It's a dichotomy that's part of a new video about cyber bullying from the University Of South Florida.

"Dance isn't necessarily a thing to be seen as entertainment. It can also be used for social issues and to talk about things that are really present today," said USF dance student Brent Townend.

Cyber bullying is the social message. Townend is the dancer featured in the video.

In the video, a basketball player doesn't see similarities between himself and the dancer. Only the differences.

The ball player chooses to make fun of him, even though he doesn't know him, using a computer and social media as his weapons.

"You never want to judge somebody immediately. When you think of a dancer, especially a male dancer, there seems to be this stigma out there," said Townend.

Andrew Carroll, a USF associate professor of dance, is behind this video. This is his second video on bullying.

"I thought, 'What a great kind of thing that I could work into a video on bullying [and] cyberbullying.' [It would be better for people to] focus more on similarities as people versus differences," said Carroll.

Carroll points out that dance is effective at reaching an audience across U.S. borders.

"I began to see what a great vehicle this was to kind of spread information without using words.

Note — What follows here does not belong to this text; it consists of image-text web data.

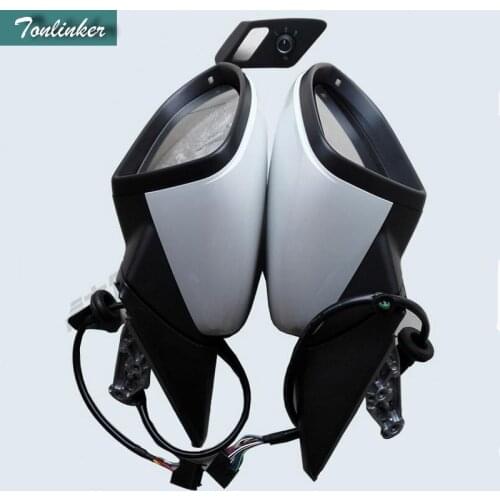 Tonlinker 2 PCS DIY Car Styling Modified Low Rise with Folding Mirrors assembly Cover Case Stickers for VW NEW GOLF 7 Accessries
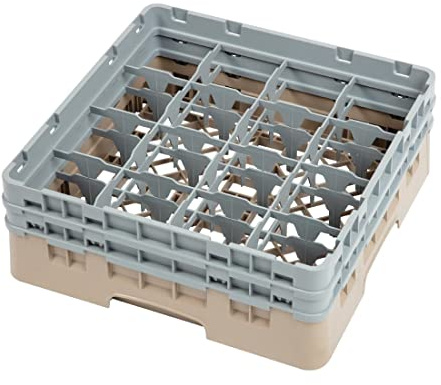 Voetglazenkorf m/2 opzetstukken 500x500 H 184mm max 133mm 16 comp. Cambro 16S434-184 Beige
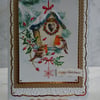 Handmade Christmas Card Happy Christmas Robins Bird House Tree Garden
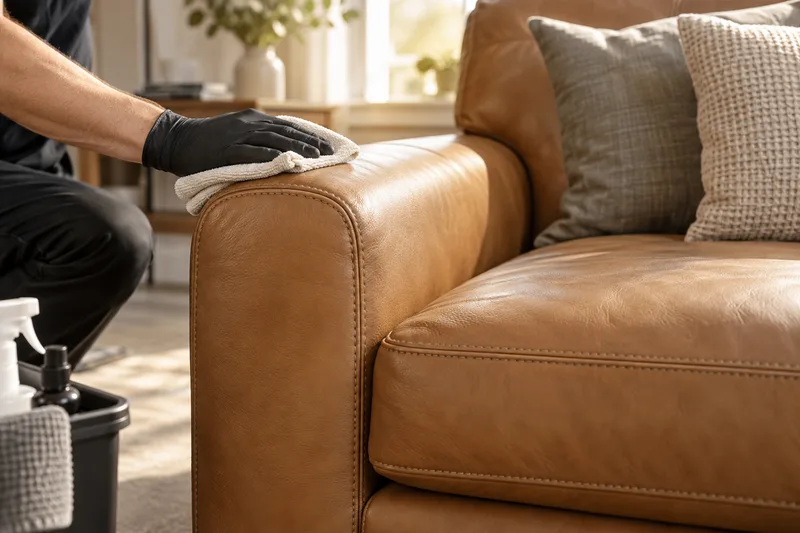 Leather armrest receiving gentle surface care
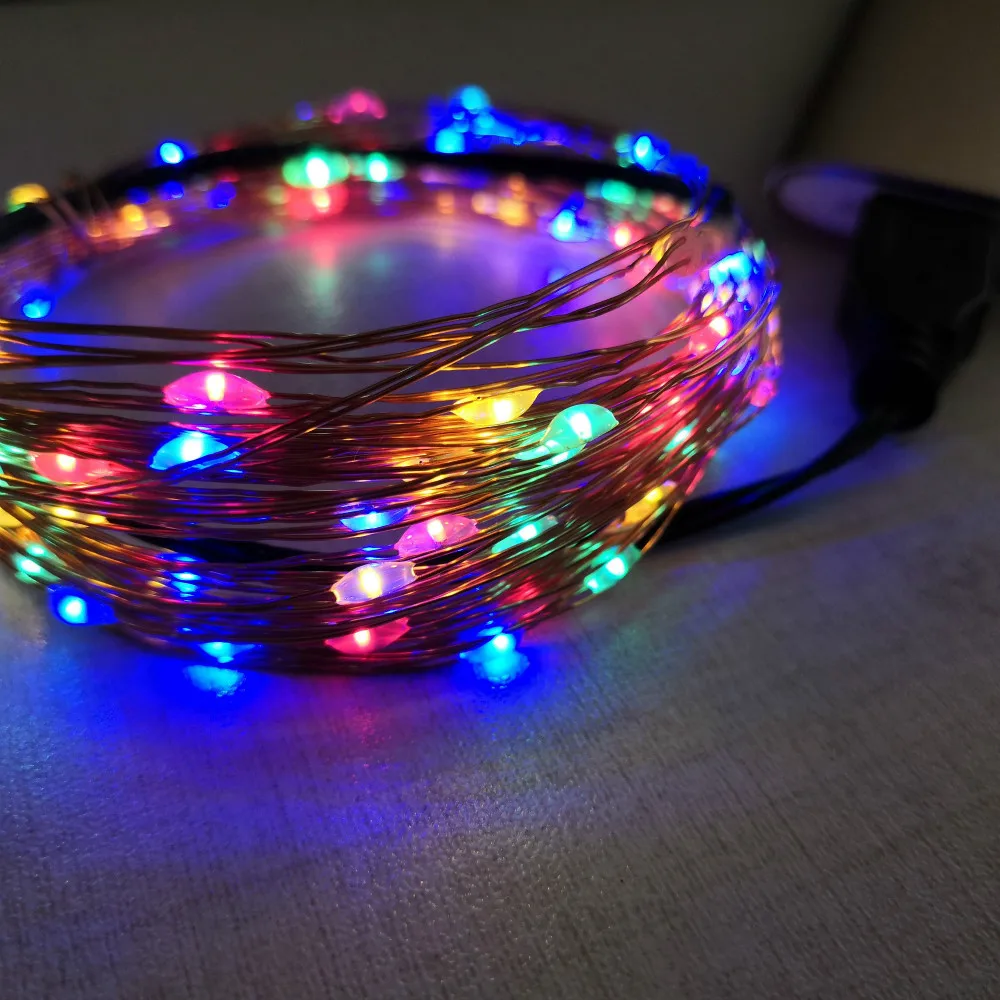 Multicolored 2M 5M 10M USB LED фотодержатель переходный огонь Фей на улице батарея операция венок рождество орнамент вечеринка свадьба рождество - Испускаемый цвет: Multicolored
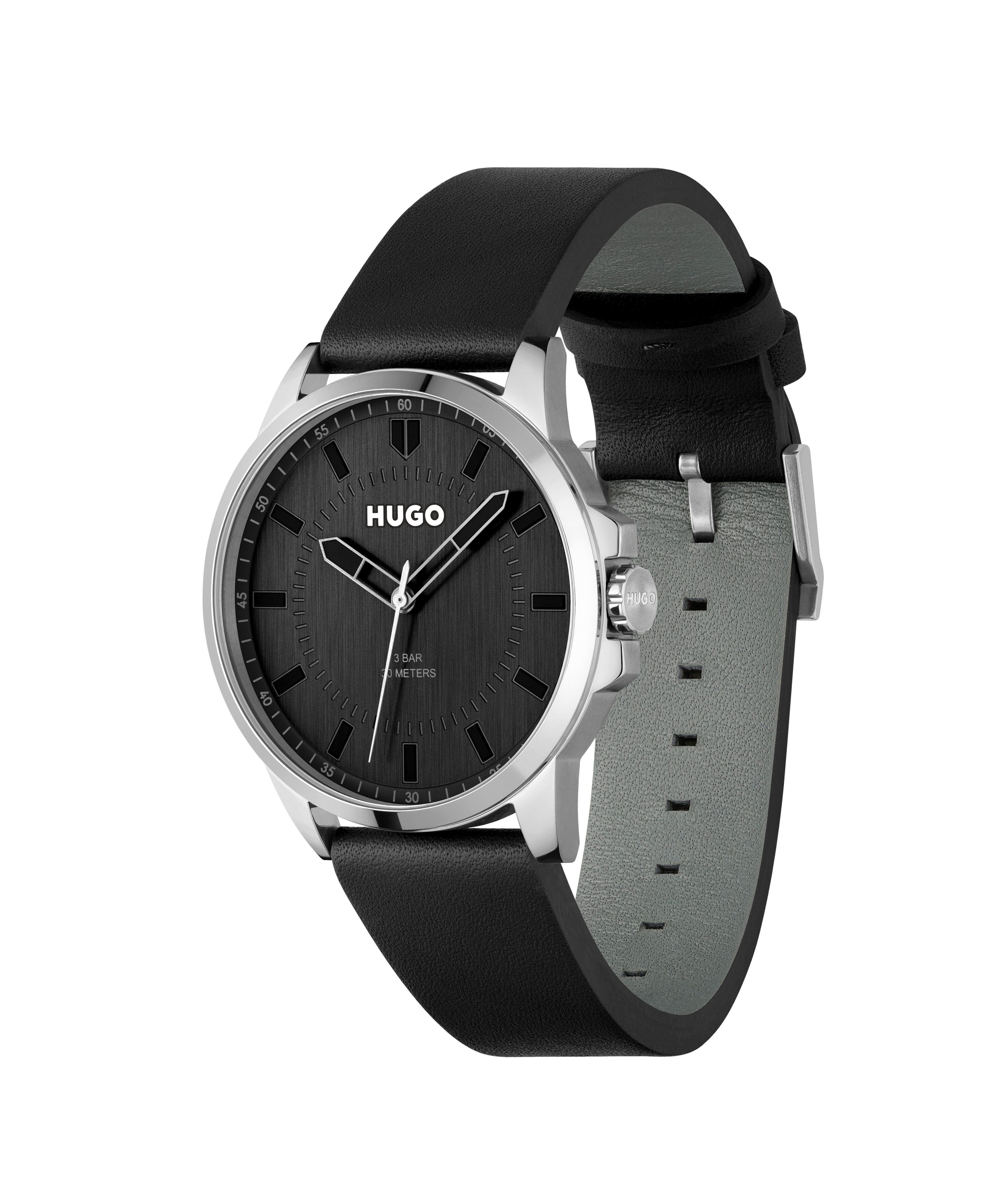 HUGO Quarzuhr #FIRST 1530188, Armbanduhr, Herrenuhr, Mineralglas, Lederarmband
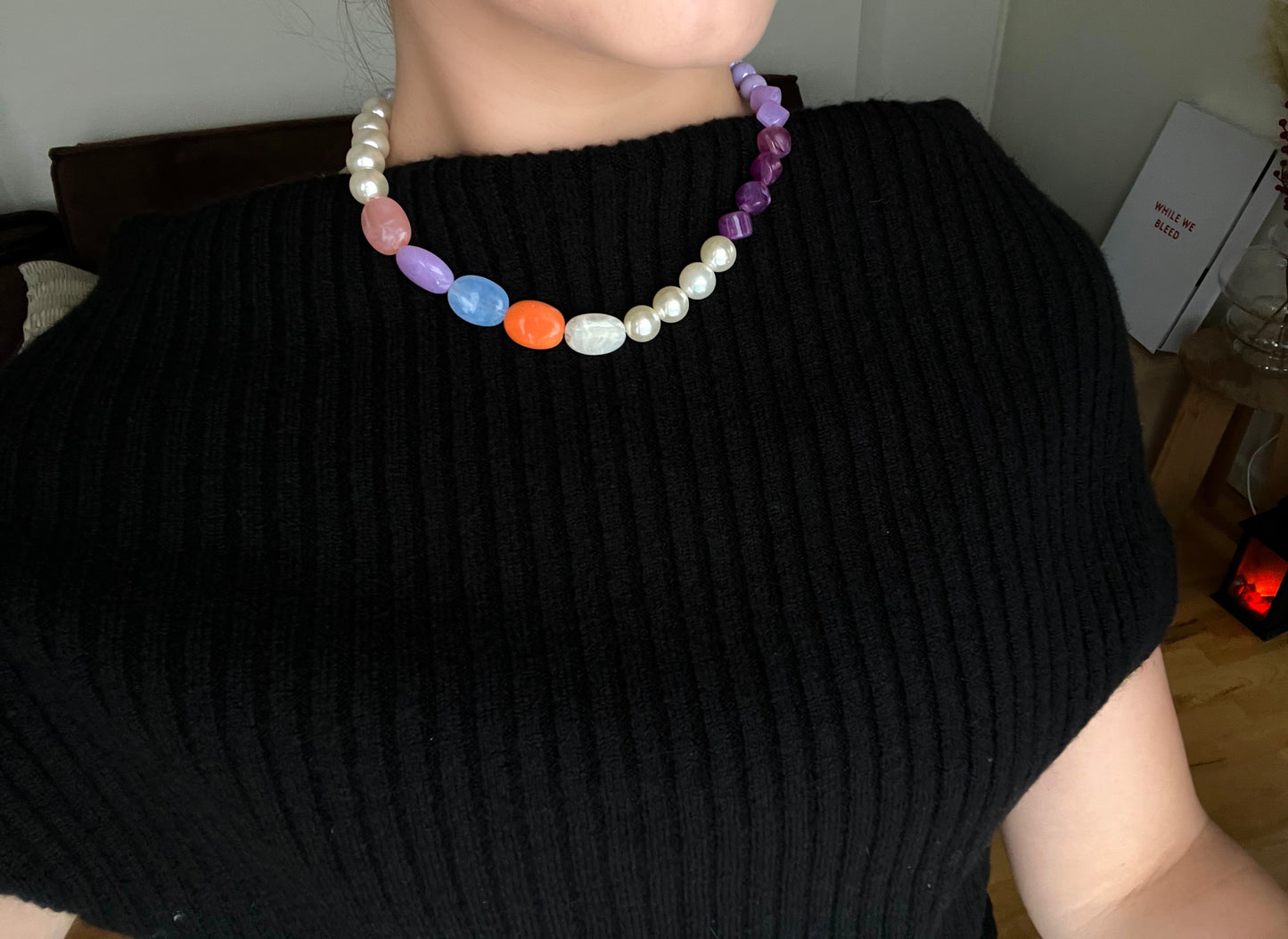 Purple Colorblock halskæde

That people could just watch it and get kind of informative pieces of beneficial information," said Carroll.

He said he has seen a change of heart because of it.

"I had a young man who approached me at a seminar where I showed it to say, 'I need to tell you, in school I was a bully and every day I regret what I did and if I had seen your video in school I would have stopped,'" said Carroll.

In the cyberbully video, the bully does stop once he sees firsthand what he has in common with the dancer.

"Eventually he realizes his mistake in bullying in that we are really not that different at all and he pushes the delete button on the keyboard and removes the social media," said Townend.

"What I love is that the athlete became the hero actually by stopping cyberbullying when he realizes we have more similarities than differences which I think in today's world is such an important concept and idea," said Carroll.